PTC to decide on fee break for Sany plant


Thursday night the Peachtree City Council will consider offering a 75 percent break on impact fees for a Chinese heavy equipment company that is preparing to build its first U.S. location here.

Sany Corporation is asking for the maximum impact fee exemption of $198,166. The Development Authority of Peachtree City has recommended that the exemption be granted, and even with the exemption, the company will still pay $66,000 in impact fees and another $370,000 in other fees to the city and state, including building inspections, land disturbance permits and the like.

Sany is projecting to immediately employ 150 people at its equipment assembly and research/development operations. It already has a workforce of engineers and sales staff pushing 80 strong in a leased office in Peachtree City.

On hold for more than a year due to the economy, Sany plans to have construction completed by the end of next year, officials said. Plans include an initial 350,000-square-foot assembly building that will include a three-story research and development facility.

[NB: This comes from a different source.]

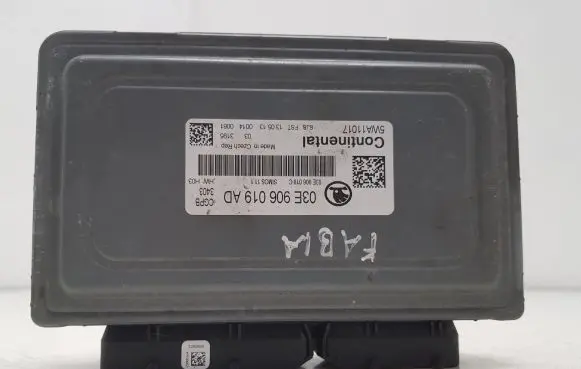 Skoda Fabia Mk2 (5J) Engine control unit/module 03E906019AD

The company is projecting to spend more than $1 million on landscaping alone with a total project construction estimate of $62 million. The Sany site is adjacent to Cooper Lighting and Falcon Field; it has already been cleared and graded.

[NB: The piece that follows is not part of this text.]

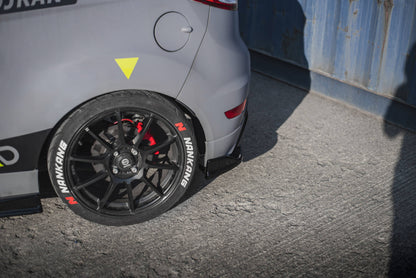 Maxton Heck Ansatz Flaps Diffusor V.2 für Ford Fiesta ST Mk7 Facelift schwarz Hochglanz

Sany, which already employs 79 people at its leased Peachtree City office, will employ 150 people in the first year the new facility is open, an additional 60 more jobs in the following year and then another 90 by the end of the third year of operation.

Only about 10 percent of the new jobs will be for unskilled labor, with executives being about 5 percent, management at about 15 percent, research/development and engineering at about 40 percent and skilled labor between 30 and 40 percent, according to a Sany representative.

All but about 2 percent of those jobs will be for Americans because the company believes strongly that Americans should handle development and sales to make sure it meets the expectations of U.S. companies, a Sany official said.

Once the buildings are complete and the 10-year phased property tax break expires, the property taxes paid by Sany each year will account for 14 percent of all property taxes paid by all occupants of the city’s industrial park, according to calculations made by the Development Authority.

Sany at that point would contribute about $141,000 in property taxes annually compared to about $989,000 for the rest of the entire industrial park currently, according to city projections.

In other business, council is expected to postpone a vote on a rezoning request to build 100 senior apartments on a 5.6-acre site off Newgate Road next to the Kedron Village shopping center. Developer NorSouth has asked for the continuance so the city planning commission can issue its recommendation at its scheduled June 14 meeting.

Council is also expected to discuss approving a resolution opposing a proposed federal law that would allow public safety employees to use federal collective bargaining standards.